La famosa disputa de Barcelona en 1263, concluyó con que Jaime I de Aragón ordenara a los judíos borrar del Talmud referencias supuestamente anticristianas, so pena de quemar sus libros. El principal polemista antijudío de la época, Raymond Martini, escribió a la sazón Pugio Dei («la daga de la fe») que sirvió de texto básico para atacar a los judíos. También la disputa de Tortosa (1413) concluyó restringiendo los estudios de los israelitas de Aragón.
Un nuevo ímpetu a las prohibiciones de libros judíos se dio en 1431 en el Concilio de Basilea, en el que la bula del Papa Eugenio IV directamente prohibió a los hebreos el estudio de la literatura rabínica.
Agreguemos que la Reforma protestante sucedió a la denominada «Batalla de los Libros», una tormentosa polémica desatada en Alemania entre 1510 y 1520, que tuvo como epicentro el intento de confiscar y destruir los libros rabínicos. Lo que empezó a la sazón como un enfrentamiento entre Johannes Pfefferkorn y Johannes Reuchlin, se expandió ulteriormente para transformarse en un conflicto de mayores dimensiones que abarcaba otras lides: franciscanos contra dominicos, Austria contra Francia, y finalmente la mayoría de los humanistas contra los eruditos reaccionarios, para quienes se acuñó el apodo de “oscurantistas”.
Los ataques contra el Talmud se extremaron durante el período de la Contrarreforma en Italia, a mediados del siglo XVI. En agosto de 1553 el papa lo designó «una blasfemia» y lo condenó a la hoguera. Ese año, el día de Rosh Hashaná (año nuevo hebreo), 5 de septiembre, se construyó una pira gigantesca en Campo de Fiori en Roma. Los libros hebreos fueron secuestrados de las casas mientras los judíos estaban en las sinagogas, y miles de ejemplares fueron públicamente devorados por las llamas.
El procedimiento se repitió en los Estados papales, en Bolonia, Ravena, Ferrara, Mantua, Urbino, Florencia, Venecia y Cremona.
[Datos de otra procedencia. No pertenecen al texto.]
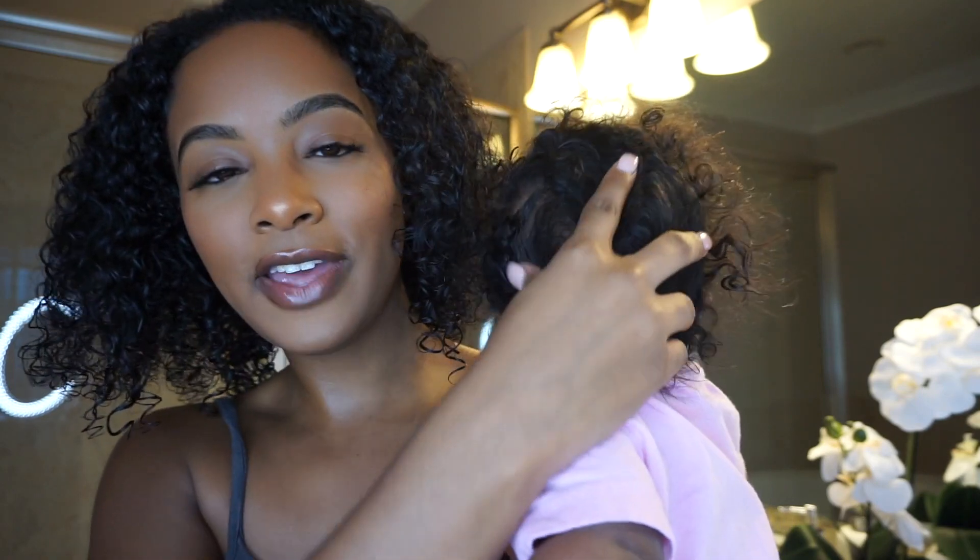My hair just started to shed and shed and shed, and that postpartum shedding did not stop. Because till this day my hair is still shedding. So in today's video I'm just going to show you guys what I've been doing to try and get these curls back. As you can see, there's no length, there's no fullness, the curls are not defined.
Unos años después Pío IV levantó la prohibición del Talmud (1564) pero la frecuente confiscación de libros judíos continuó hasta el siglo XVIII.
A fin de vilipendiar al Talmud, Johannes Eisenmenger pasó veinte años estudiando en una yeshivá (academia talmúdica), y finalmente escribió en 1699 un tratado de dos mil páginas, Endecktes Judemthum (El judaísmo desenmascarado).
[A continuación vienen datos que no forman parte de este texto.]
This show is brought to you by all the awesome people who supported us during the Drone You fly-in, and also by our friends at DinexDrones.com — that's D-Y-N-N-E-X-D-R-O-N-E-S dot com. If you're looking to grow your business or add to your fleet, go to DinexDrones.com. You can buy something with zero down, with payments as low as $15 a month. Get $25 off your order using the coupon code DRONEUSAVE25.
Durante los dos últimos siglos, «expertos» de diversa índole fabricaron una vasta literatura que «revelaba las blasfemias» del Talmud (una literatura inútil hoy en día, cuando el Talmud está al alcance de todos por medio de las muchas traducciones a los principales idiomas). La República Islámica de Irán tiene el triste honor de haber agregado a su vicepresidente en esa morralla.
El «experto» más destacado fue el sacerdote alemán August Rohling, profesor de la universidad germana de Praga quien, en un remedo del mentado libro de Eisenmenger, publicó en 1871 El judío talmúdico. Diez años después, el cabecilla de los desmanes judeofóbicos en Viena, Franz Holubek, fundamentó su inocencia en que había actuado de buena fe en base del libro de Rohling. Su exoneración fue un aliciente para más actos de violencia. Eventualmente, se demostró en la corte que Rohling era incapaz de traducir o entender aun el más elemental párrafo del Talmud. Sin embargo, su libraco siguió publicándose con éxito por medio siglo.
El último auto-de-fe contra el Talmud antes de las piras nazis en Europa, fue en 1757 en Kamenets (Polonia) donde el obispo Nicolás Dembowski ordenó la quema de mil copias. Y el actual gobierno de los ayatolás en Irán ha recogido esa posta.